Call for participation: Annotating internal function argument andreturn types

  106522
August 10, 2019 10:56 nikita.ppv@gmail.com (Nikita Popov)
Hi,

Lack of type information for internal functions in Reflection is a
long-standing issue. In PHP 8 we finally have all the necessary technical
groundwork done to support argument and return type annotations on internal
functions at scale.

The only thing left is to actually add those type annotations ... to many
hundreds of functions. This is something everyone can help with, as it does
not need expertise in C.

I've opened a sample PR to show the process:
https://github.com/php/php-src/pull/4499

Here, we take some existing arginfo structures in basic_functions.c and
convert them into stubs in basic_functions.stub.php. We can take the
argument names from the existing arginfo. To figure out the types, we need
to look at the implementation (the php.net documentation tends to lie about
details).

For example, the first function, set_time_limit is defined in
https://github.com/php/php-src/blob/172c71980df0fe4c9d62c3365f0a2cdb139e3e86/main/main.c#L1501.
We see that it accepts an "l" parameter, which is an int. We see that it
uses RETVAL_TRUE and RETVAL_FALSE, which means the return value is a bool.

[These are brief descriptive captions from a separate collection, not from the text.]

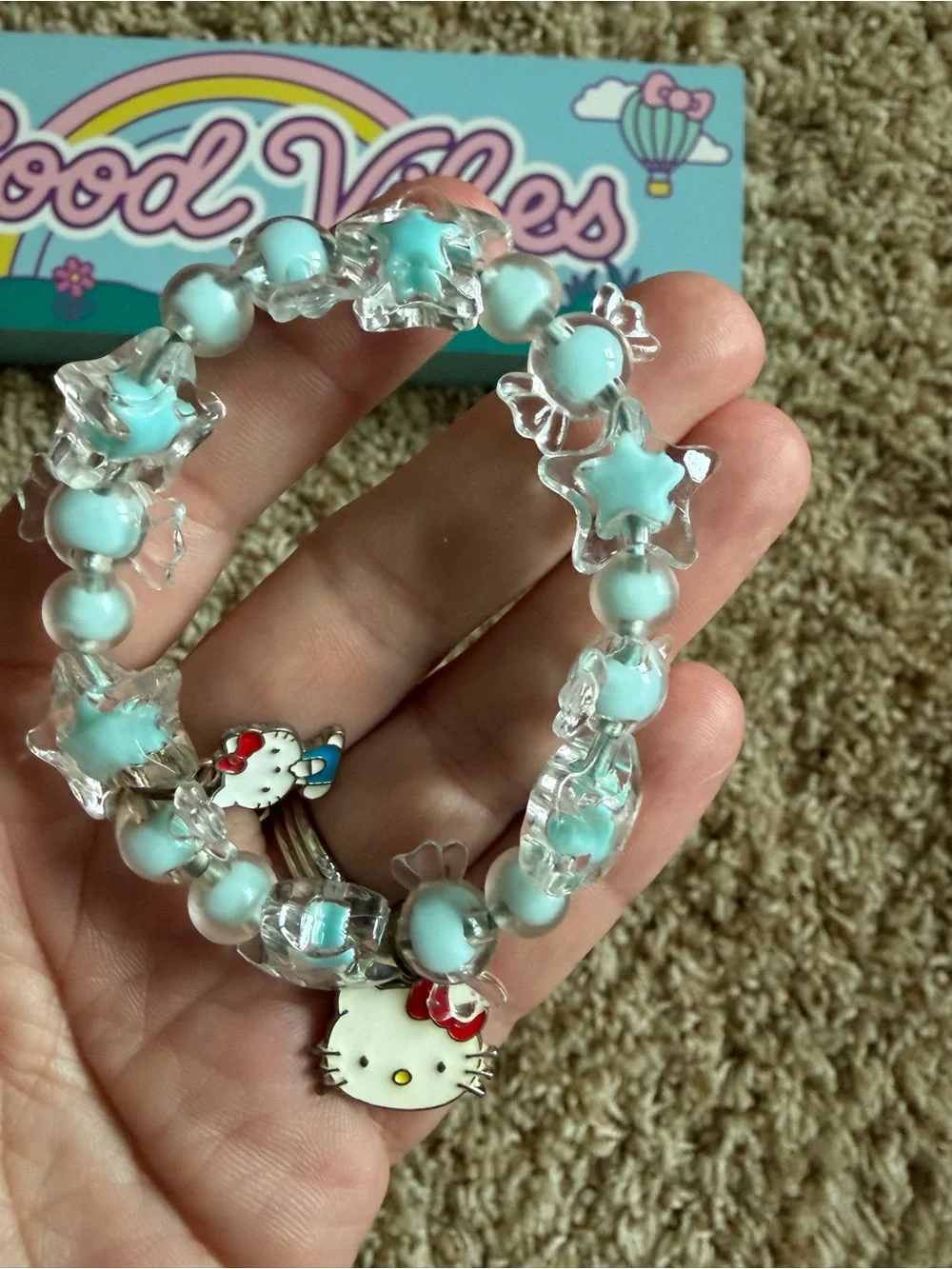Hello Kitty Kids Blue Beaded Charm Bracelet & Good Vibes Wooden Sign - Picture 2 of 9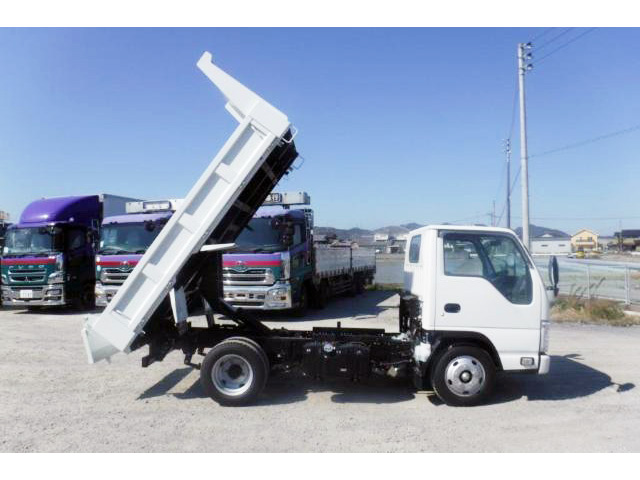 いすゞエルフダンプ小型（2t・3t）[写真11]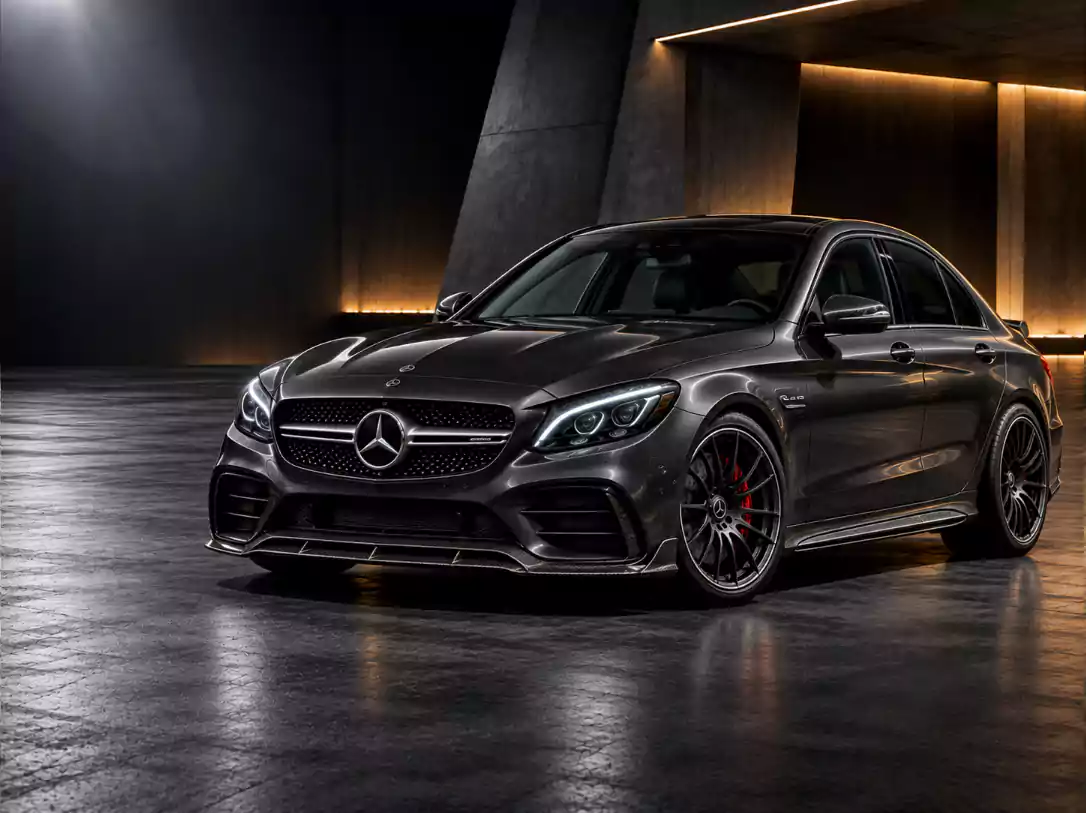 Mercedes-AMG C43 — pièces en fibre de carbone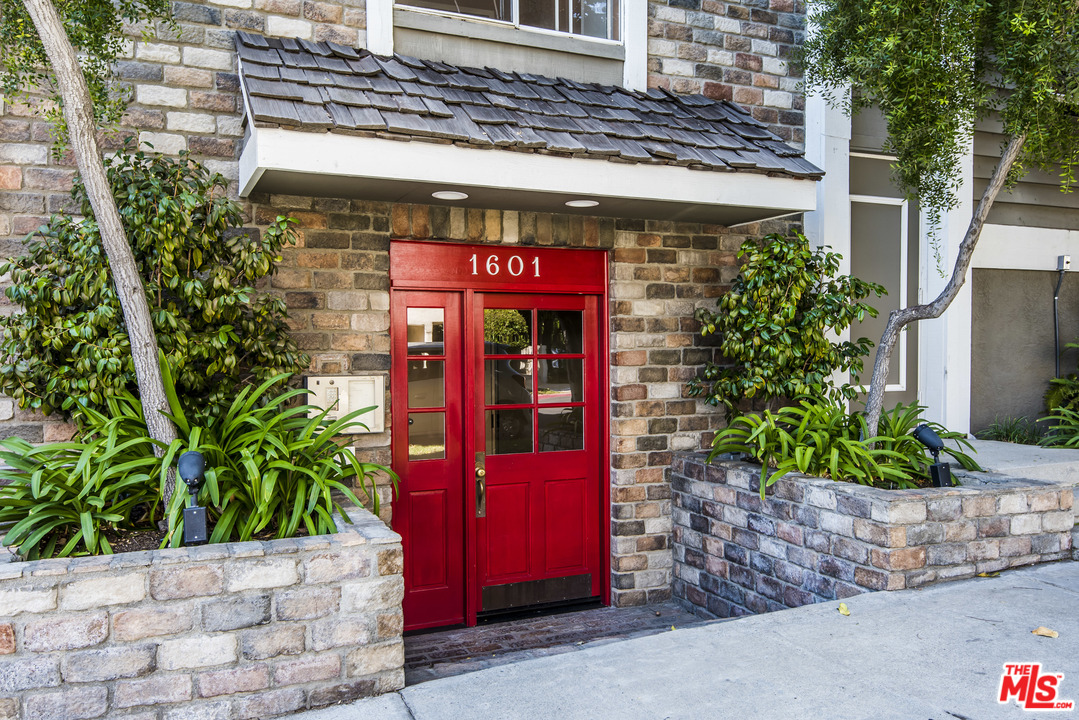 1601 Hilts Avenue, Unit 3 Los Angeles, CA 90024 - Photo 14 of 16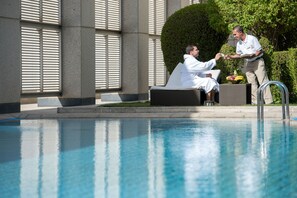 Outdoor pool, sun loungers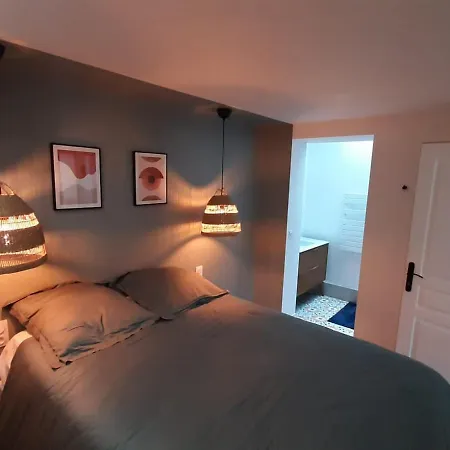 Cosy A Biarritz, Proche Des Halles Et Plages, Ideal Pour 2 Avec Wifi Inclus - Fr-1-239-853 Apartment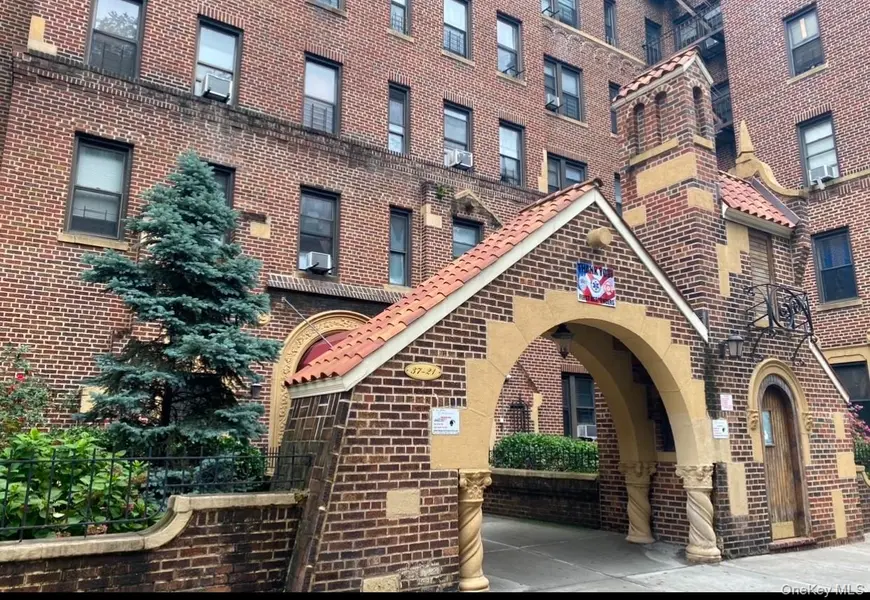 37-21 80TH ST #4, Jackson Heights, NY 11372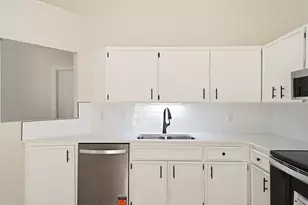 3047 Yorktown Cir, Fort Walton Beach, FL 32547 - Photo 10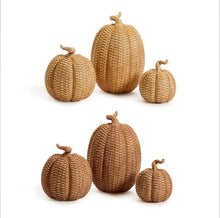 Baketweave Pumpkins
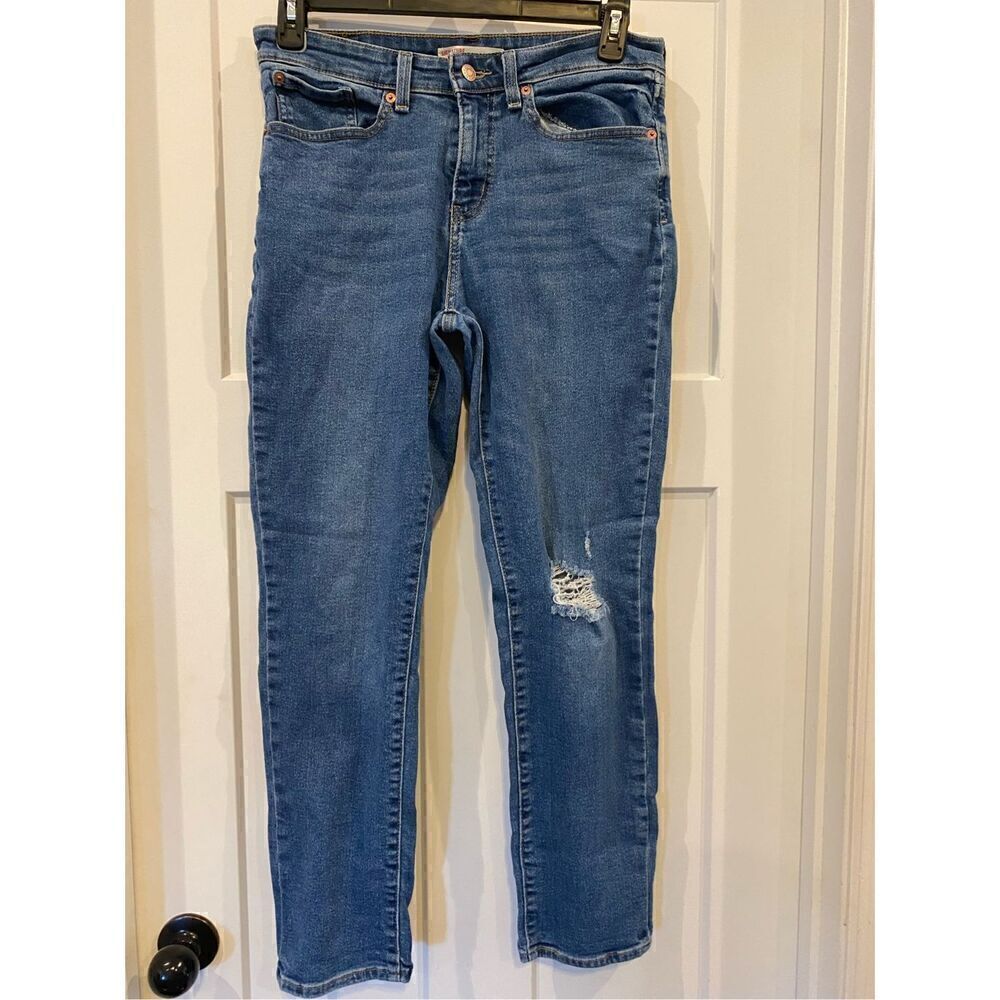 Levi’s✅ Signature Blue Jeans Boyfriend style Sz 10 with distressed knee petite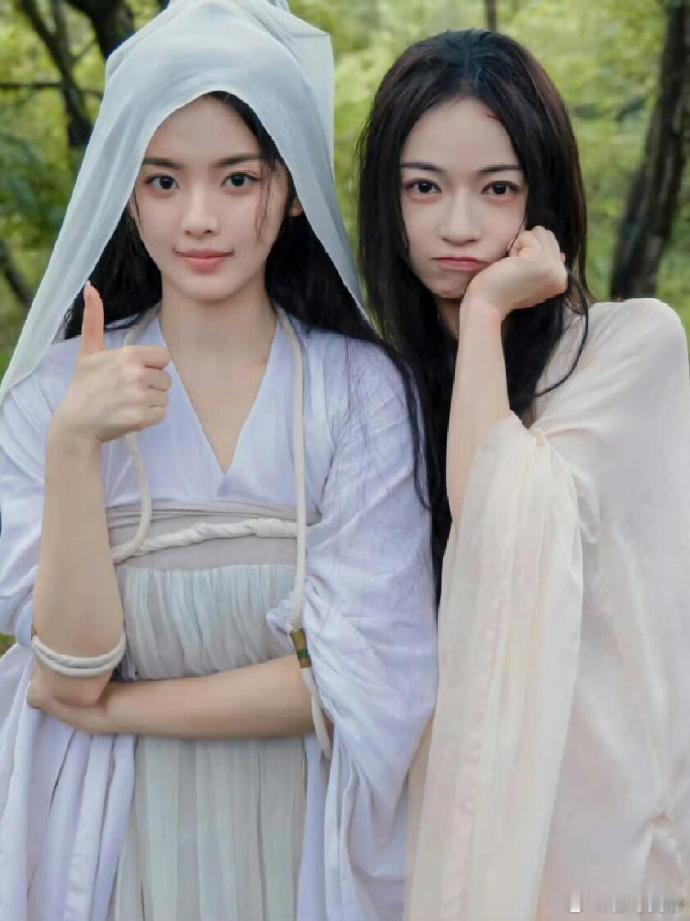 以前不明白为什么她被夸神颜，直到看到了合照。。。。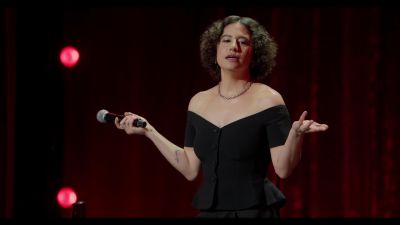 [audience laughing] - Ilana Glazer: Human Magic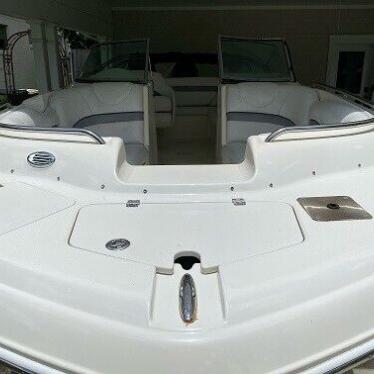 2008 Hurricane sundeck 2200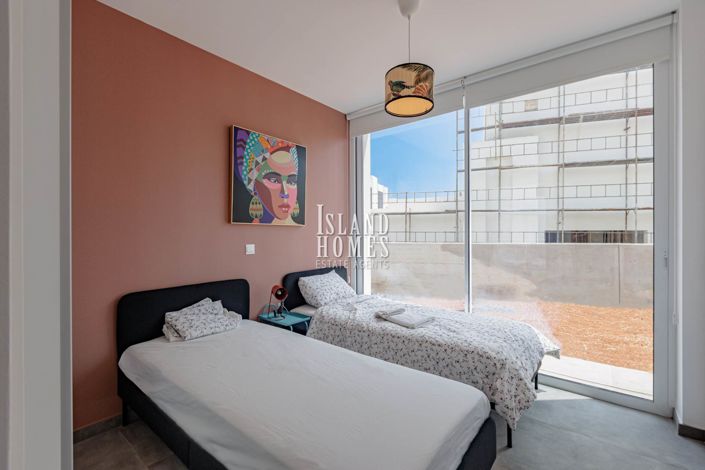 Image No.18-2 Bed Apartment for sale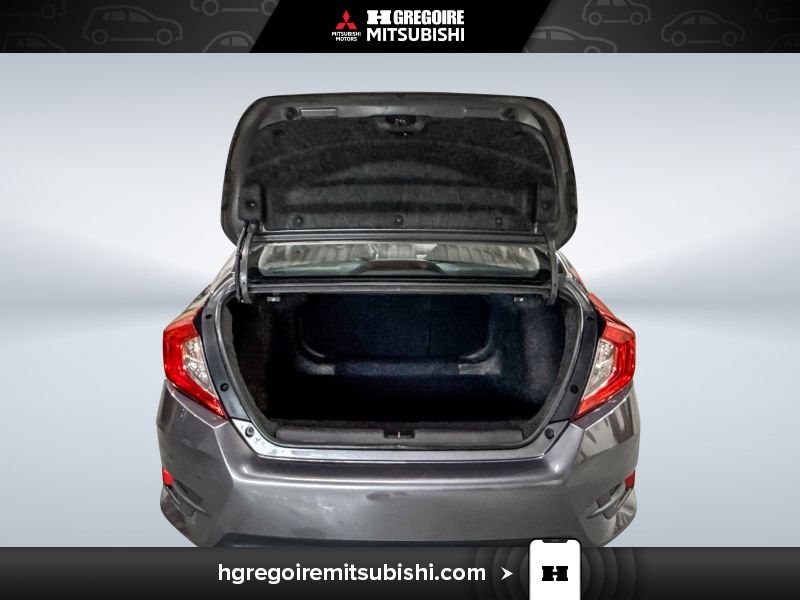 2016 Honda Civic Grey Blainville - photo #28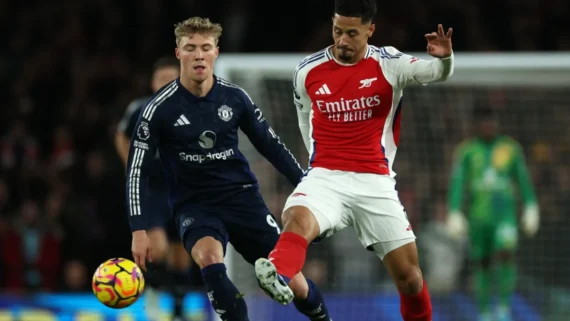 Arsenal bateu o Manchester United por 2 a 0 (foto: Adrian Dennis / AFP)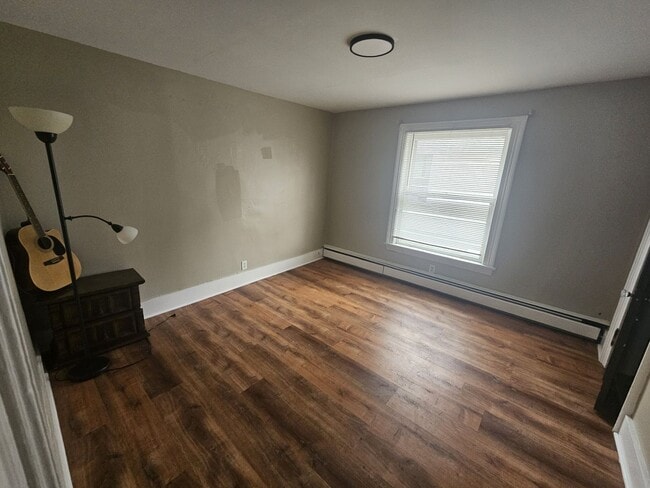 Building Photo - 3 Bedroom with off-street Parking on Park Ave Unit Argyle 2nd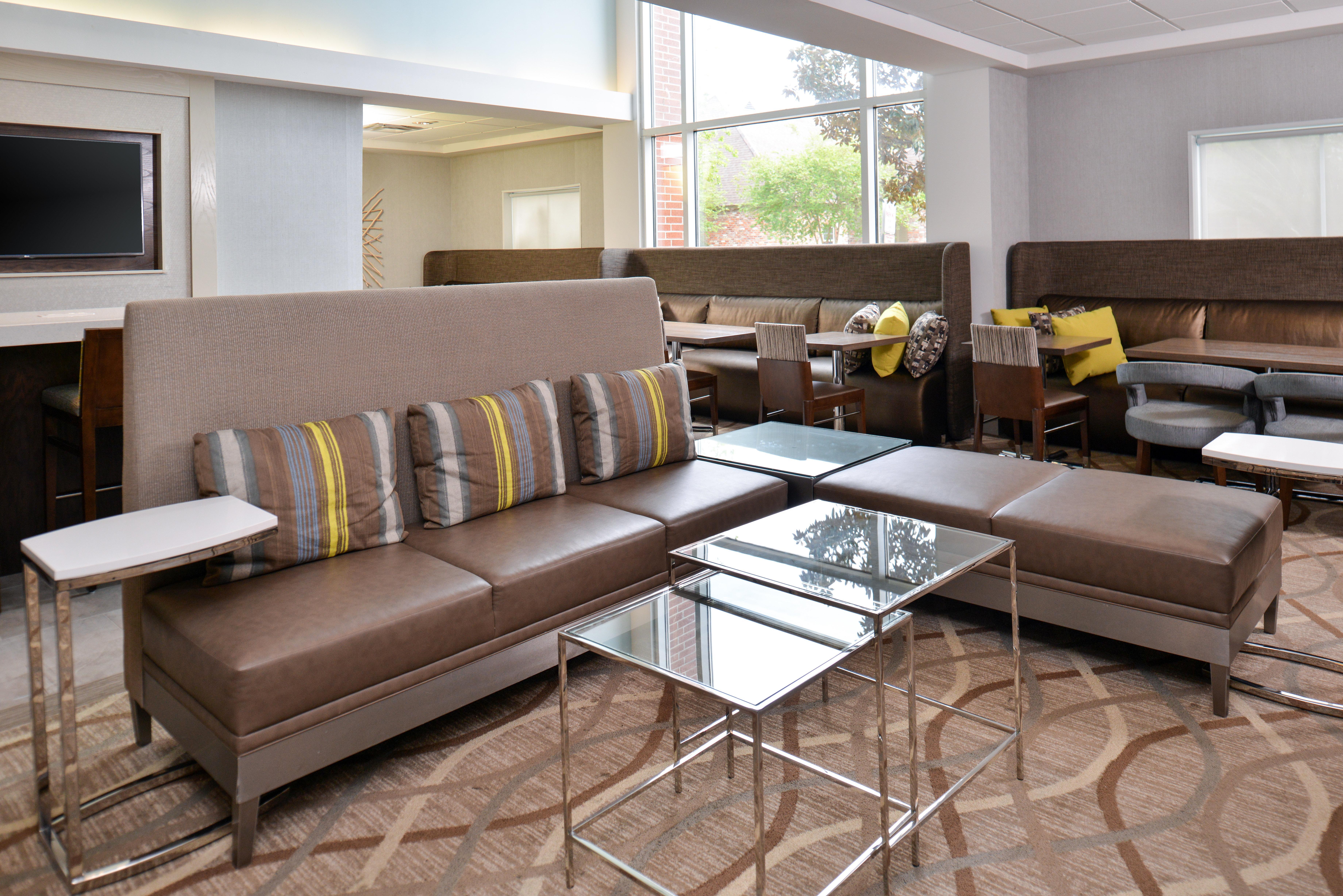 Holiday Inn Express Hotel & Suites Lafayette By Ihg Exterior foto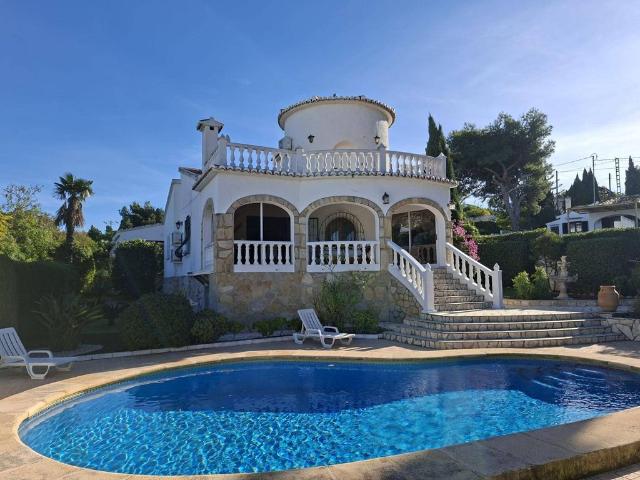 Exclusiva casa de 186 m2 en venta Denia, España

Once this is done, we need to auto-generate new arginfo data. If you have a
development setup, this is done automatically when running "make".
Otherwise, it's possible to manually run "php scripts/dev/gen_stub.php
ext/standard/basic_functions.stub.php".

Any help would be appreciated :)

Regards,
Nikita
  106523
August 10, 2019 11:21 php@duncanc.co.uk (Craig Duncan)
I'm happy to help.

Am I correct in thinking that the best way to locate outstanding ones is to
to search for any instances of *ZEND_BEGIN_ARG_INFO* or
*ZEND_BEGIN_ARG_INFO_EX*
in *.c files?
As once they've been converted they'll only appear in stub and header files?
  106524
August 10, 2019 12:00 php-lists@koalephant.com (Stephen Reay)
> On 10 Aug 2019, at 17:56, Nikita Popov ppv@gmail.com> wrote: > > Hi, > > Lack of type information for internal functions in Reflection is a > long-standing issue. In PHP 8 we finally have all the necessary technical > groundwork done to support argument and return type annotations on internal > functions at scale. > > The only thing left is to actually add those type annotations ... to many > hundreds of functions. This is something everyone can help with, as it does > not need expertise in C. > > I've opened a sample PR to show the process: > https://github.com/php/php-src/pull/4499 > > Here, we take some existing arginfo structures in basic_functions.c and > convert them into stubs in basic_functions.stub.php. We can take the > argument names from the existing arginfo. To figure out the types, we need > to look at the implementation (the php.net documentation tends to lie about > details). > > For example, the first function, set_time_limit is defined in > https://github.com/php/php-src/blob/172c71980df0fe4c9d62c3365f0a2cdb139e3e86/main/main.c#L1501. > We see that it accepts an "l" parameter, which is an int. We see that it > uses RETVAL_TRUE and RETVAL_FALSE, which means the return value is a bool. > > Once this is done, we need to auto-generate new arginfo data. If you have a > development setup, this is done automatically when running "make". > Otherwise, it's possible to manually run "php scripts/dev/gen_stub.php > ext/standard/basic_functions.stub.php". > > Any help would be appreciated :) > > Regards, > Nikita
I’d like to help if I can. Some extensions have what appear to be conditional arginfo (for example the LDAP extension, which I *assume* is to handle building against different versions of underlying ldap library that support different features) - is there a way / need to handle those in this stub format that the generator script understands? Cheers Stephen
  106525
August 10, 2019 12:58 benjamin.morel@gmail.com (Benjamin Morel)
Hi,

Sorry if I’m missing something, but can’t the process be automated?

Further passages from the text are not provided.